Electron transmission microscope images taken of S. aureus ATCC-33591 cells not treated; (a)–(c) show distinct OM: outer membrane, PM: plasma membrane, R: ribonucleus, and S: septa of the bacteria. Treated with hydroalcoholic extract of Hymenaea stigonocarpa in half of minimum inhibitory concentration; (d)–(f) show indentation and hole formation appearances (PA), mesossomes (M), thickening of the outer membrane (TO), and septum thickness distribution (ST). Treated with minimum inhibitory concentration; (g)–(k) show condensing of the ribonucleus (CR), detachment of outer membrane (DOM), thickness distribution septa (ST) and aberrant division septa (ADS), ghost cells (GC), mesossomes (ME), and coagulated DNA (CD). Magnification of (a), (b), (c), (e), (j), and (k) is 30000x and Magnification of (d), (f), (g), (h) and (l) are 65000x.

3.4. Ultrastructural Alterations

The cytological alterations caused by hydroalcoholic extract at 1/2 MIC included partially digested cell-wall fragments exfoliated from the bacterial surface, exposition of the patches in the cytoplasmic membrane (Figures 2(d)-2(e)), the absence of the cell wall or detachment from the cytoplasmic membrane (Figure 2(e)), the thickening of the outer membrane TO (Figure 2(e)), and abnormal septa (Figures 2(d), 2(f), 2(i), 2(k), and 2(l)), which appears to have been caused by some dysfunction during the cell division.

The appearance of a thickening of the outer membrane (TO) and a condensation of the ribonucleus (CR) into bacteria indicate defensive mechanisms to maintain the osmotic pressure after hydroalcoholic extract action. Bacteria also produce more peptidoglycan to protect themselves and develop mesossomes (ME), implicated in the cellular respiration [32].

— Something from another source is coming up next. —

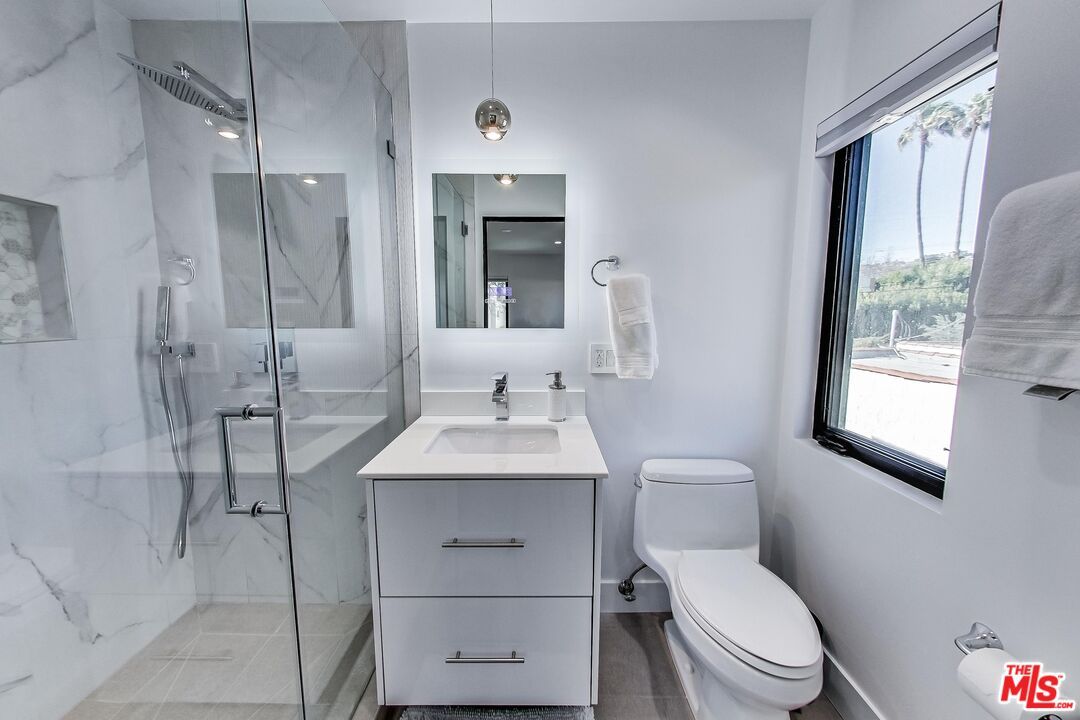 Bathroom, Glass Shower, Interior, Marble Walls, Pendant Lights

The failure to insert the peptidoglycan caused in the outer membrane the hole formation appearances (PA) (Figures 2(d), 2(e), and 2(f)). This alteration was caused to the difference in osmotic pressure between the outer and inner surroundings of the bacteria. If this event was to be prolonged, it would have caused bacterial lysis [33].

The minimal inhibitory concentration (256 μg/mL) of the hydroalcoholic extract was able to provoke alterations in several cell structures. Figures 2(g)–2(l) showed cell membranes and cell walls being disrupted and damaged, resulting in a release of cell materials into the cytoplasm (Figures 2(g) and 2(h)). Alterations in the intracellular components such as nucleic acids, proteins, aggregated and branched ribosomes as well as the presence of multiple septa were visualized in Figures from 2(i) to 2(l). The term of DNA coagulated effects (DC) means that the function of DNA gyrase was stopped from fulfilling its main core in supercoiling the DNA during replication.

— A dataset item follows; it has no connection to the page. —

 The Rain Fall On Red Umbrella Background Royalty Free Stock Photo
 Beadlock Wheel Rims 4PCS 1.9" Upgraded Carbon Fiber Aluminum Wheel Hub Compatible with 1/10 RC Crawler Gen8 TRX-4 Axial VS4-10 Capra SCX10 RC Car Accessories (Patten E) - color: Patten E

Tannins main compounds present in hydroalcoholic extract are able to bind to the membrane to create connections between the double layers and initiate their interaction and adhesion. This process is accompanied by the decrease of the membrane potential and interlayer spacing.

In this study, the cytological changes observed by TEM at different concentrations of the hydroalcoholic extract from Hymenaea stigonocarpa stem barks are supporting evidence of its antibacterial action against Staphylococcus aureus.

4. Conclusion

The results obtained in this study indicate that the Hymenaea stigonocarpa stem barks have flavonoids and tannins and these compounds are possibly the reason for the antimicrobial activity against Gram-positive cocci.

Hymenaea stigonocarpa might be an interesting alternative therapy for infectious diseases caused by multidrug resistant microorganisms. In addition, more studies including toxicity tested in vivo need to be conducted on this plant before therapeutic treatments are implemented.